In Q1 of this year, legal demand and rates were well in positive territory, while productivity stayed consistent with historical norms. However, like we saw in recent quarters, the impact of rapidly growing expenses, especially around hiring and retention, has overwhelmed any positives for the quarter, including this past quarter’s three-year high in Q1 demand growth.
This demand growth for law firm services remained strong, relying heavily on transactional practices, such as real estate, corporate (all), and labor & employment. Demand for mergers and acquisitions (M&A) work, however, dropped dramatically in Q1.
Without a doubt, this year already is bringing us some odd precedents, and it’s unlikely we’ve seen the last of these anomalies.
On the other side of law firms’ ledgers, direct expenses — compensation and benefits for all attorneys who are not equity partners — weighed the heaviest on the index score, clearly illustrating the ongoing impact of an increasingly expensive talent war that’s been ratcheting up for several quarters now.
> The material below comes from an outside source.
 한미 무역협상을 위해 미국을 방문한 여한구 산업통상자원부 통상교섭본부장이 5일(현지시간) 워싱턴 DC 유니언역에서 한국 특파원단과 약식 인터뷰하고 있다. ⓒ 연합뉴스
In Q1, we saw outsized bonuses paid out and the announcement of three new retroactive associate pay scales, both of which left many law firms struggling to keep up.
Other overhead expenses, such as support staff compensation, technology, and knowledge management & library service expenses all grew at comparatively more modest levels. Interestingly, despite other run-away expenses, law firms seemed to be increasing their technology spending, which was up 8% in Q1, and is currently growing at one of the fastest rates the market has seen since 2014.
Will 2022 be the “Year of Talent”?
In our previous report, we had dubbed 2022 the “year of talent”, and so far, this has carried some weight, although not every effect was anticipated. As a result, we have tinkered with how the LFFI reports and displays its data.
Without a doubt, this year already is bringing us some odd precedents, and it’s unlikely we’ve seen the last of these anomalies. And, unfortunately, if some of these downward trends continue, it’s likely that other critical law firm metrics — such as law firm profitability growth, for example — could mimic the LFFI’s downward plunge.